## [Exercise objective]
An exact transcription of all the records below is required, without any images.

** Source data follows **

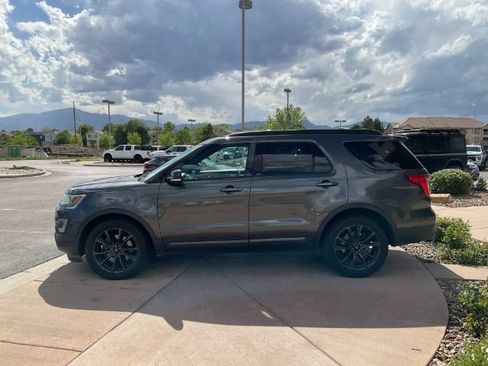 Used 2017 Ford Explorer XLT w/ Equipment Group 202A AWD/4WD image 4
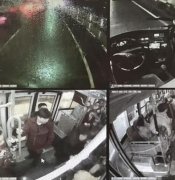 女子公交车上晕倒 忙坏一车乘客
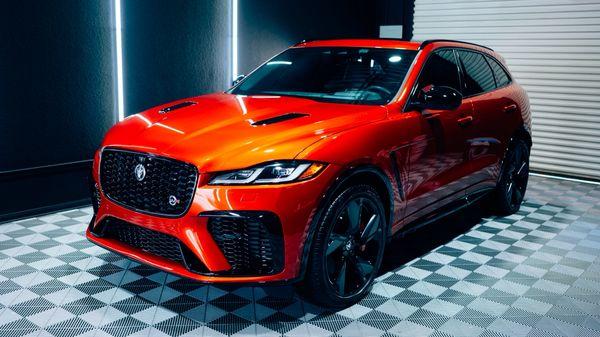 Jaguar SVR received Nasiol NL 272 on the paint, and trim. The rimfaces and Glass were coated with an interior detail.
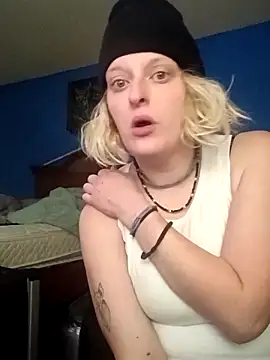 Snapshot of KITTYBOOBOOFUXX chatting on November 4, 2025, 11:58 am KITTYBOOBOOFUXX online show from November 4, 2025, 11:58 am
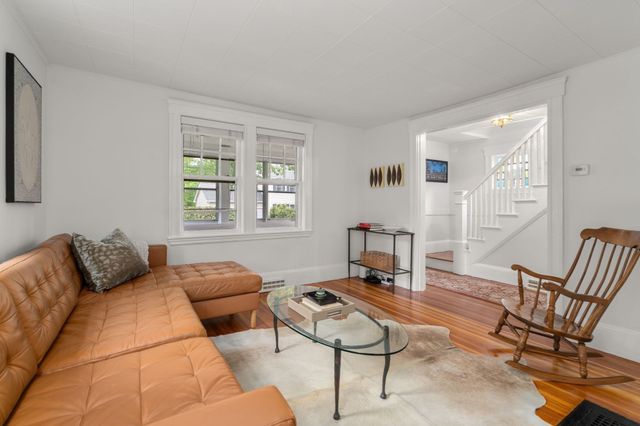 19 New Hampshire Avenue, Natick, MA 01760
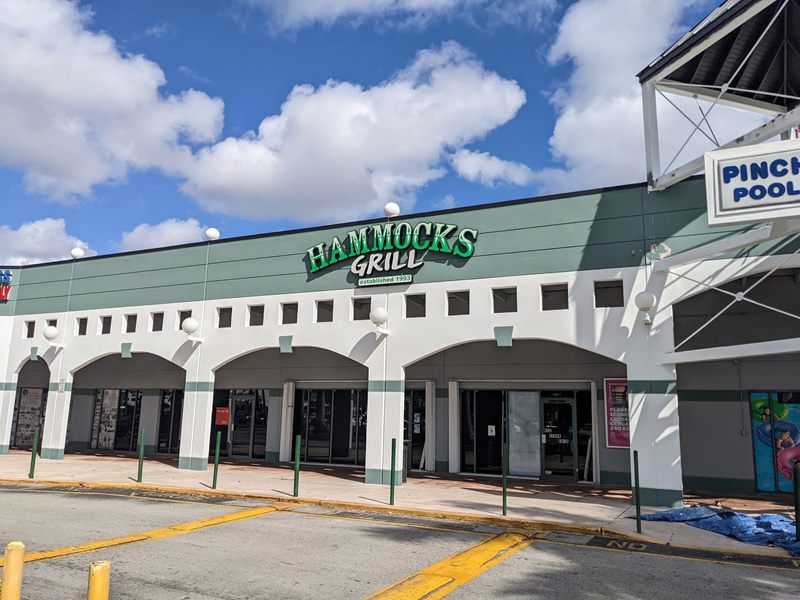 Hammocks Grill exterior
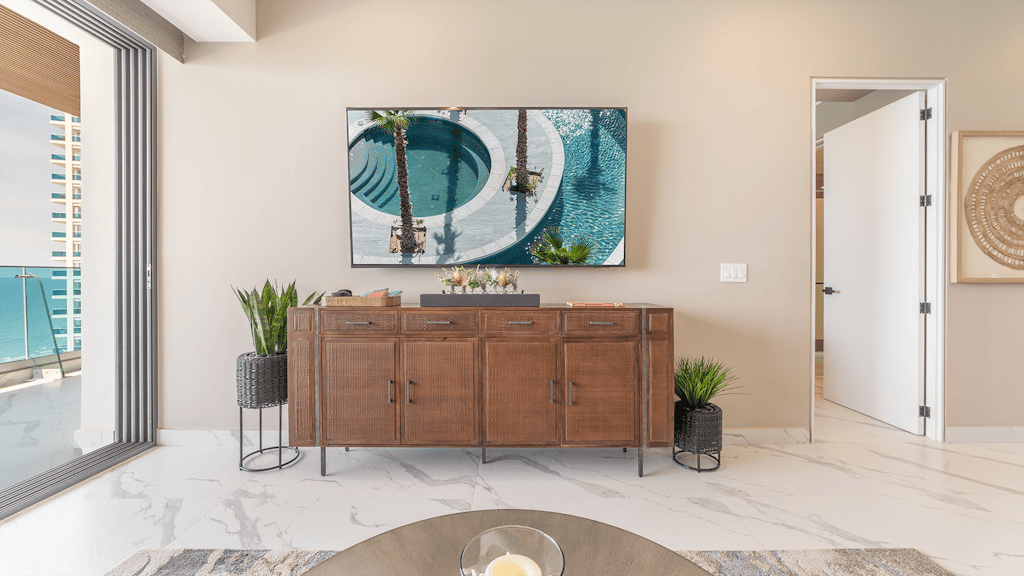 R1102 Stylish Beachfront Escape with King Suite and Ocean Views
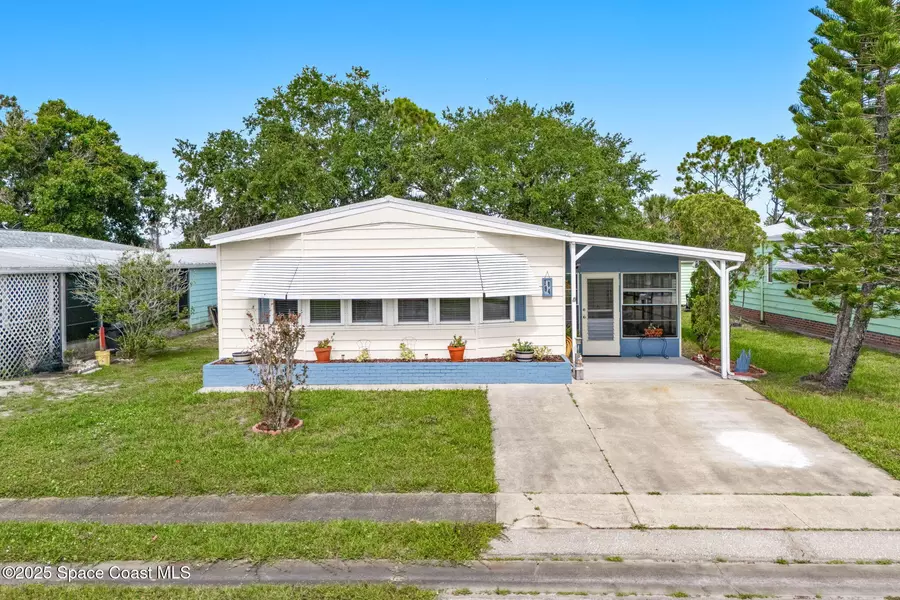 1894 Mango ST NE, Palm Bay, FL 32905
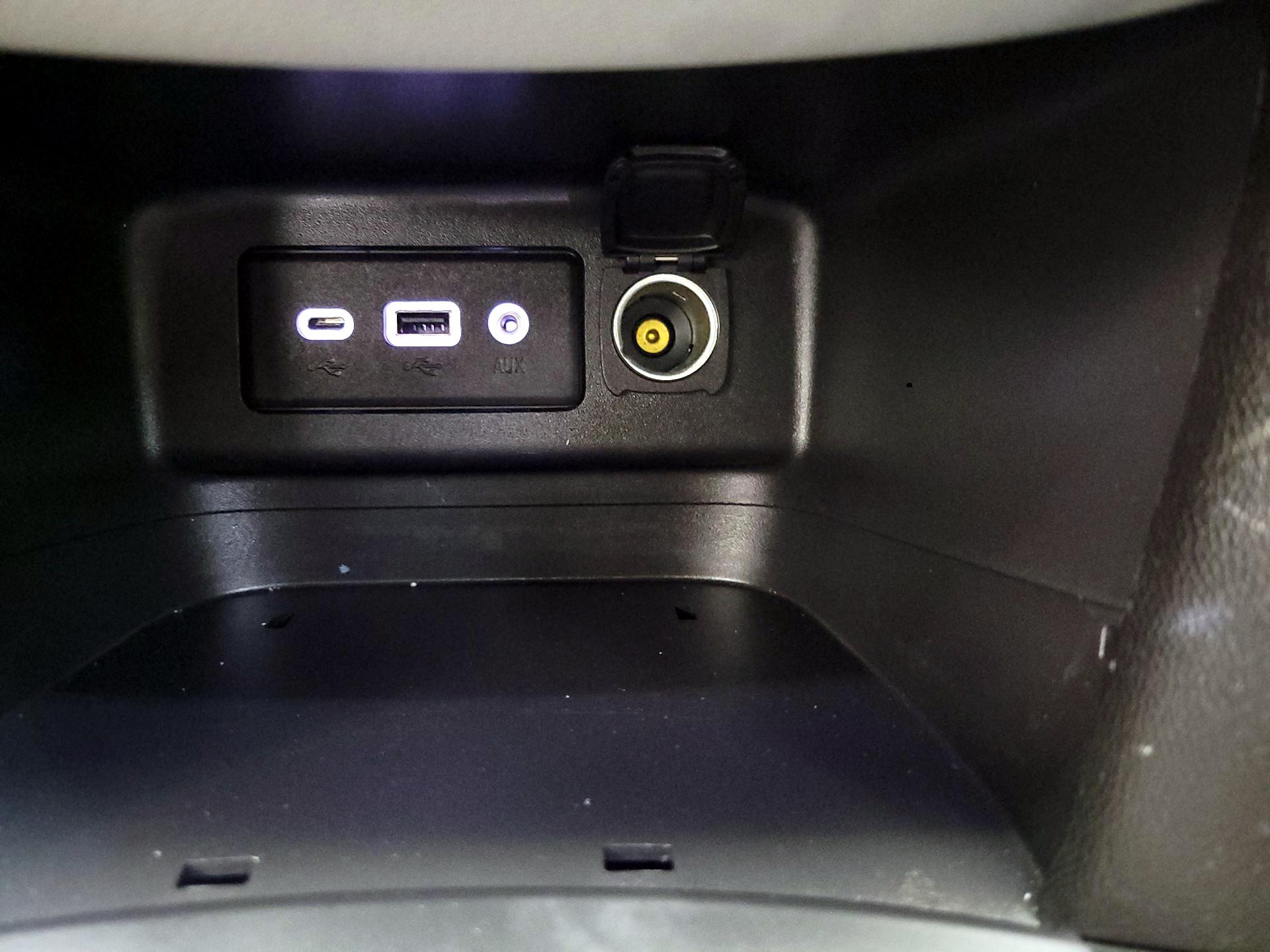 Thumbnail: 2023 Chevrolet Equinox - 16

** End of Source data **

## [Solution to this task]
 Used 2017 Ford Explorer XLT w/ Equipment Group 202A AWD/4WD image 4
 女子公交车上晕倒 忙坏一车乘客
 Jaguar SVR received Nasiol NL 272 on the paint, and trim. The rimfaces and Glass were coated with an interior detail.
 Snapshot of KITTYBOOBOOFUXX chatting on November 4, 2025, 11:58 am KITTYBOOBOOFUXX online show from November 4, 2025, 11:58 am
 19 New Hampshire Avenue, Natick, MA 01760
 Hammocks Grill exterior
 R1102 Stylish Beachfront Escape with King Suite and Ocean Views
 1894 Mango ST NE, Palm Bay, FL 32905
 Thumbnail: 2023 Chevrolet Equinox - 16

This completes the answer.